▶ **Task to complete**: Go through the data and copy every line exactly, but not the images.

*** Information provided Section Begins ***

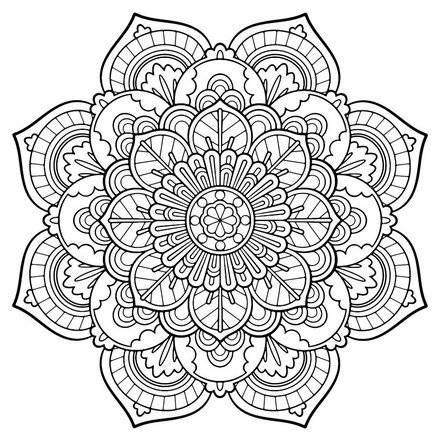 FREE Coloring Pages Celestial Mandala Style – JAMsCraftCloset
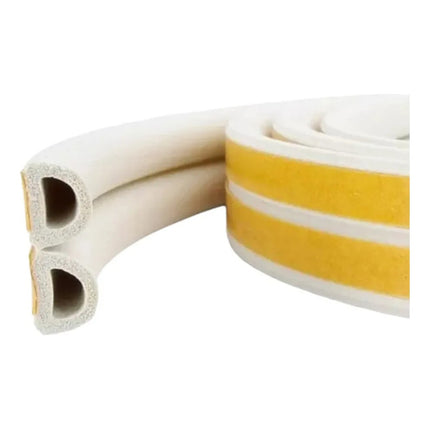 Burlete Pvc 6 Metros Blanco Tipo D Blanco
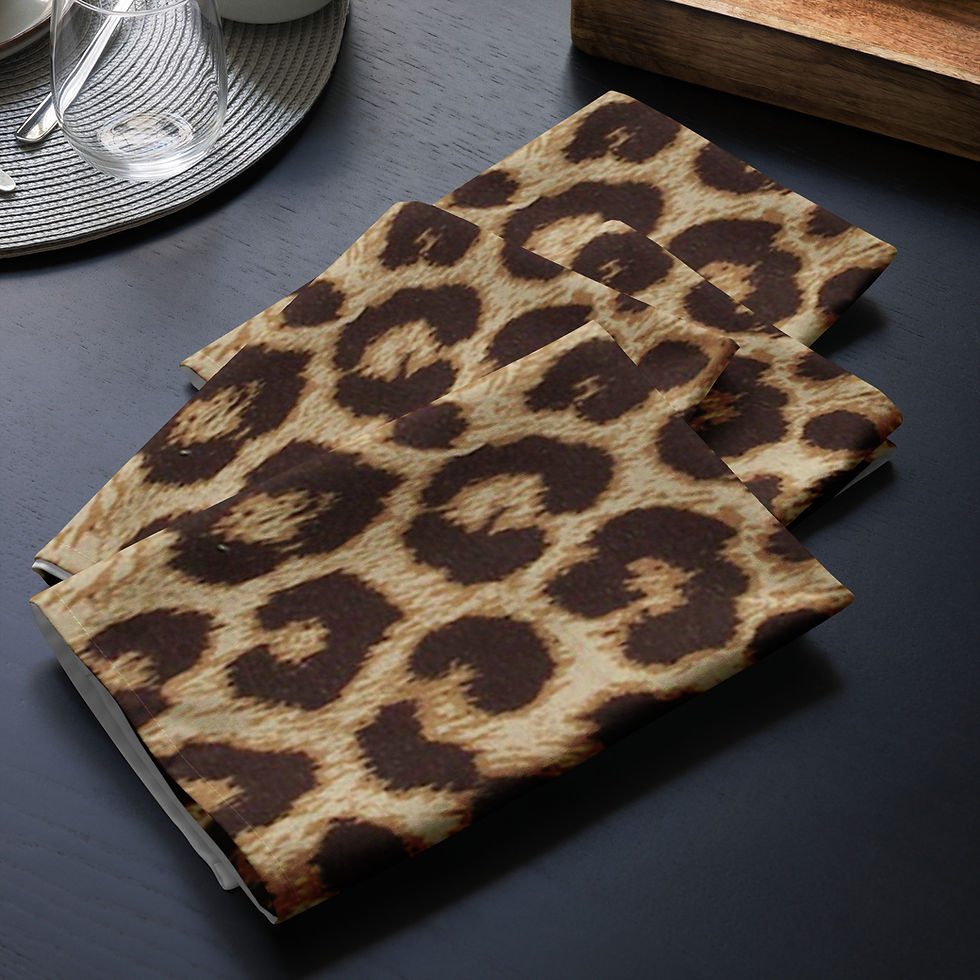 Buy Leopard Print Cloth Napkin Set Chic Stylish Dinner Napkin for Sale Online! Buy yours today!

*** Information provided Section Ends ***

▶ **Response below**:
 FREE Coloring Pages Celestial Mandala Style – JAMsCraftCloset
 Burlete Pvc 6 Metros Blanco Tipo D Blanco
 Buy Leopard Print Cloth Napkin Set Chic Stylish Dinner Napkin for Sale Online! Buy yours today!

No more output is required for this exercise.